Recorded data
----------

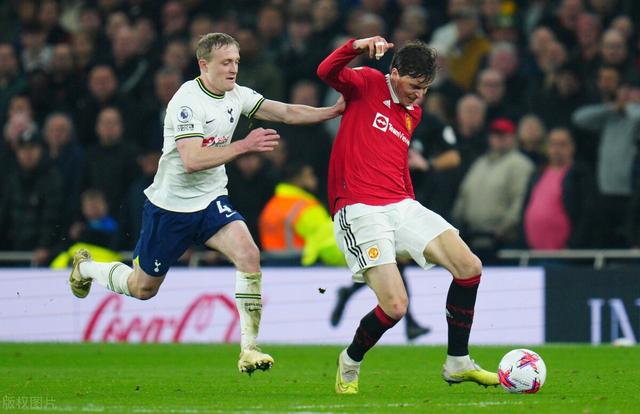 黑白直播nba-华尔加主帅遭遇解聘危机,球队成绩欠佳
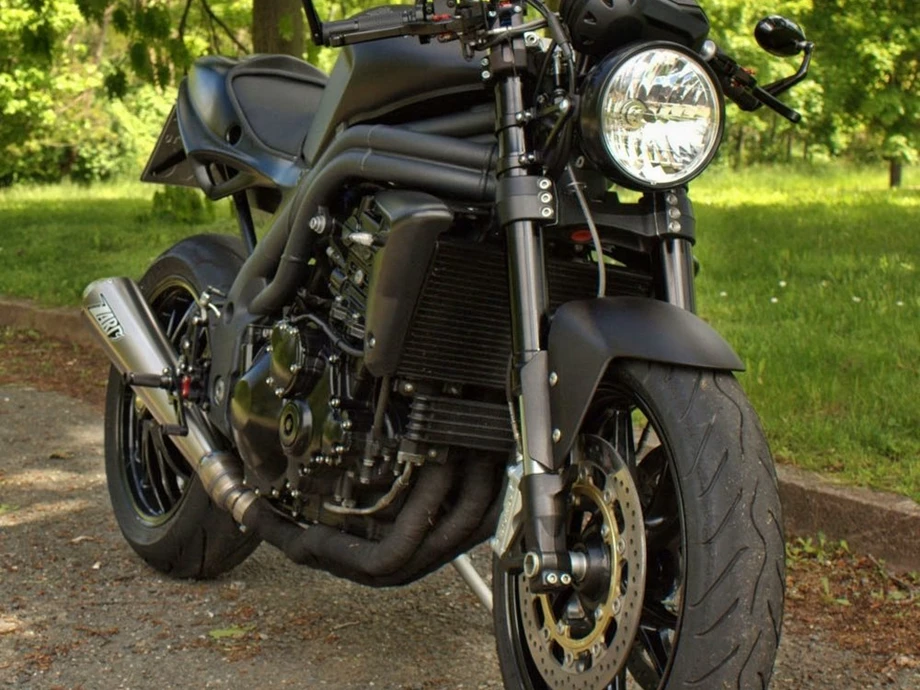 Umbgebautes Motorrad Triumph Speed Triple 1050 Bild 3: Umbgebautes Motorrad Triumph Speed Triple 1050
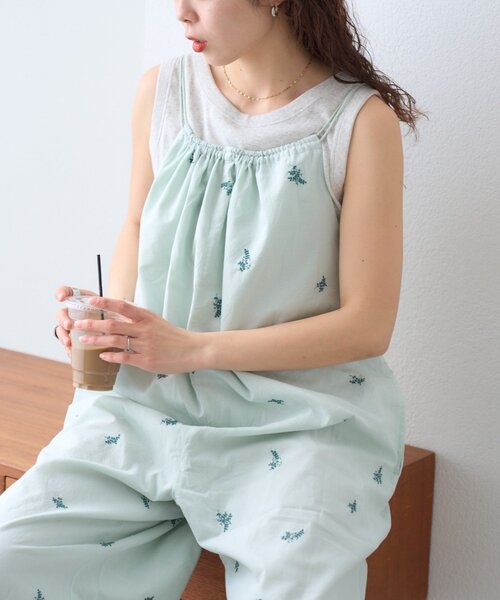 CIAOPANIC TYPY（チャオパニックティピー）の「【Aguni】刺繍キャミサロペット（サロペット/オーバーオール・レディース・ブラック/グリーン・ONE SIZE）」の3枚目の写真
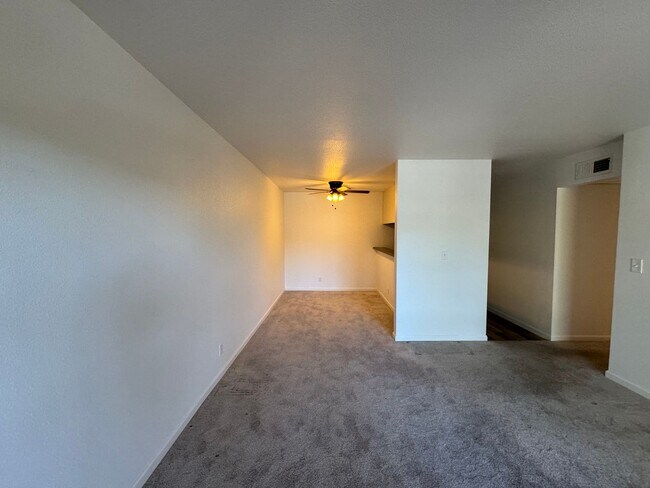 Building Photo - Updated 2 bedroom 2 bath -Lesley Reilly Pr...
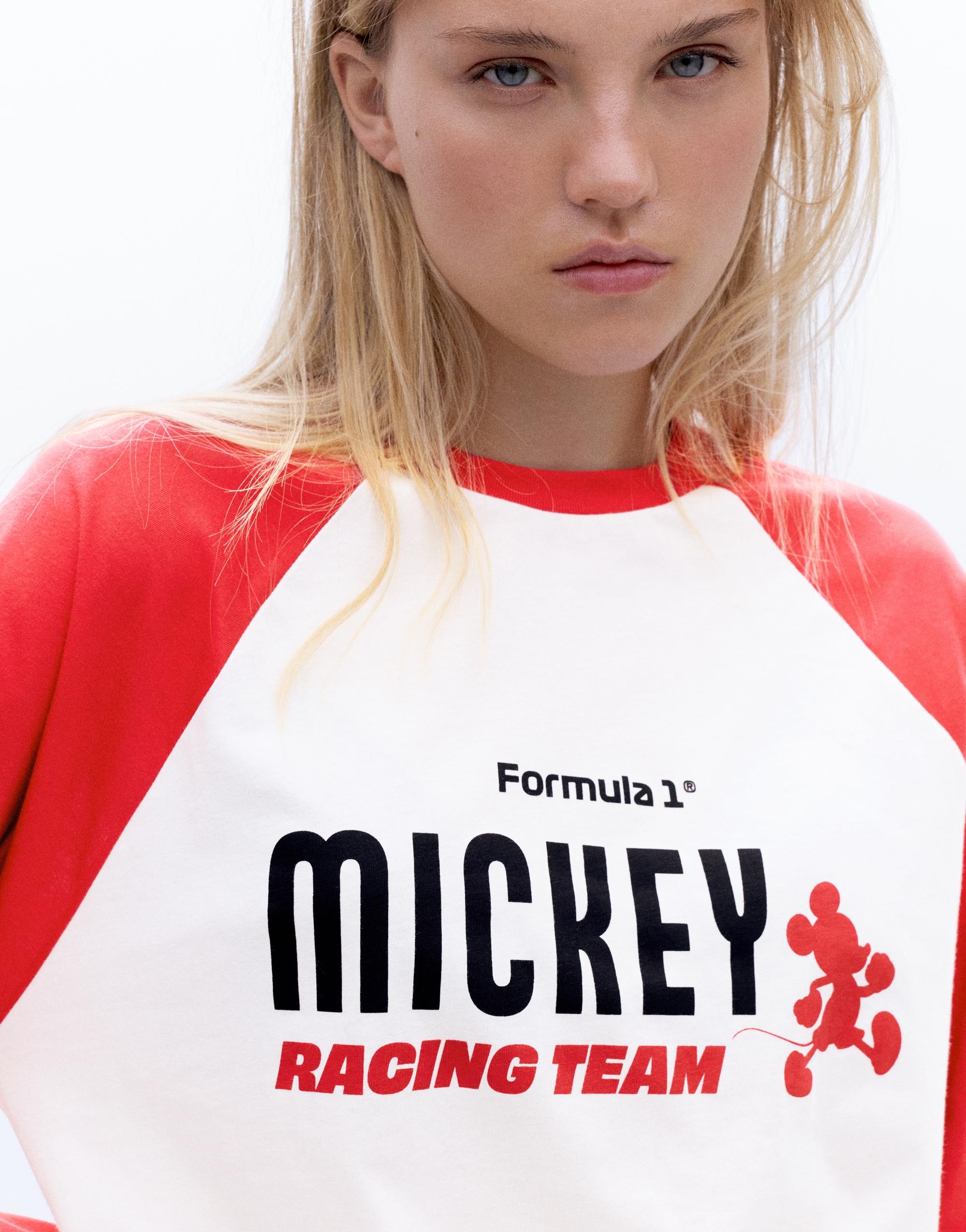 Pull&Bear Disney x F1 reglan kollu tişört görsel 7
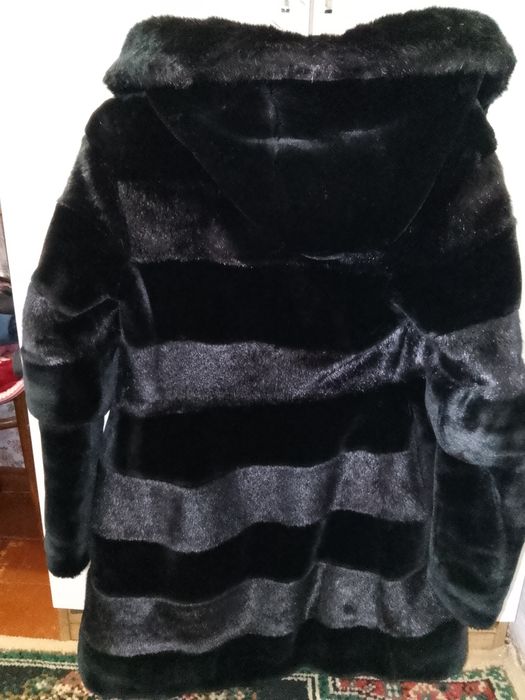 Продам отличную шубу.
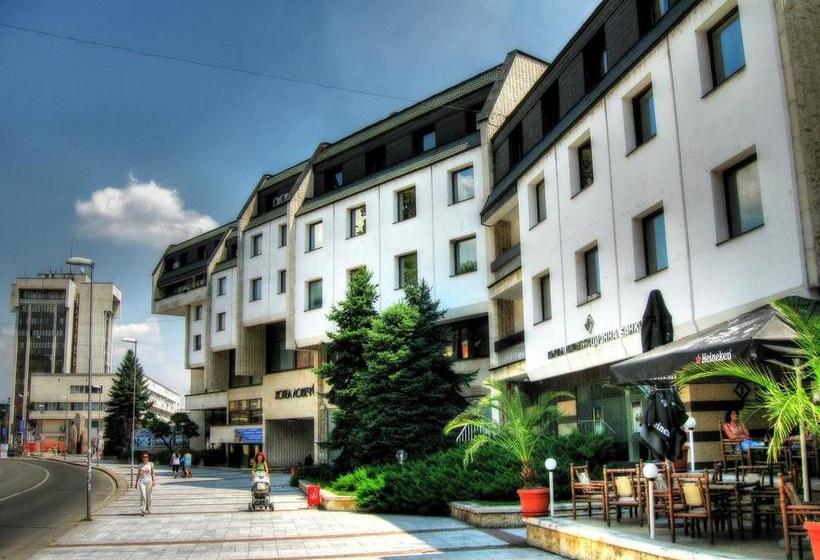 هتل Lovech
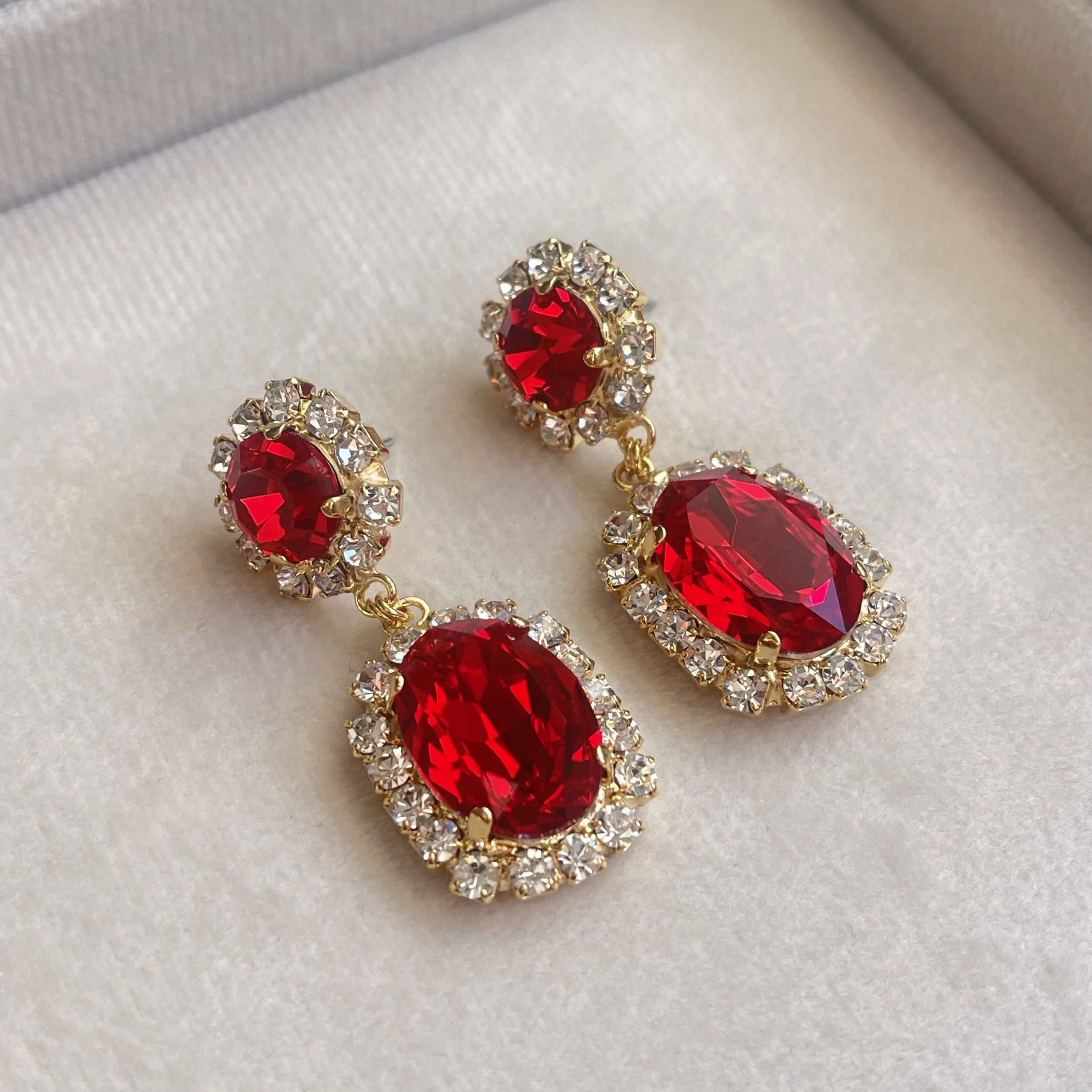 The HELENA Earring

----------

Exercise objective
Starting at the line that contains "Pull&Bear Disney x", extract each line through the last line of the material exactly as written, and include no pictures.

Solution for this exercise
 Pull&Bear Disney x F1 reglan kollu tişört görsel 7
 Продам отличную шубу.
 هتل Lovech
 The HELENA Earring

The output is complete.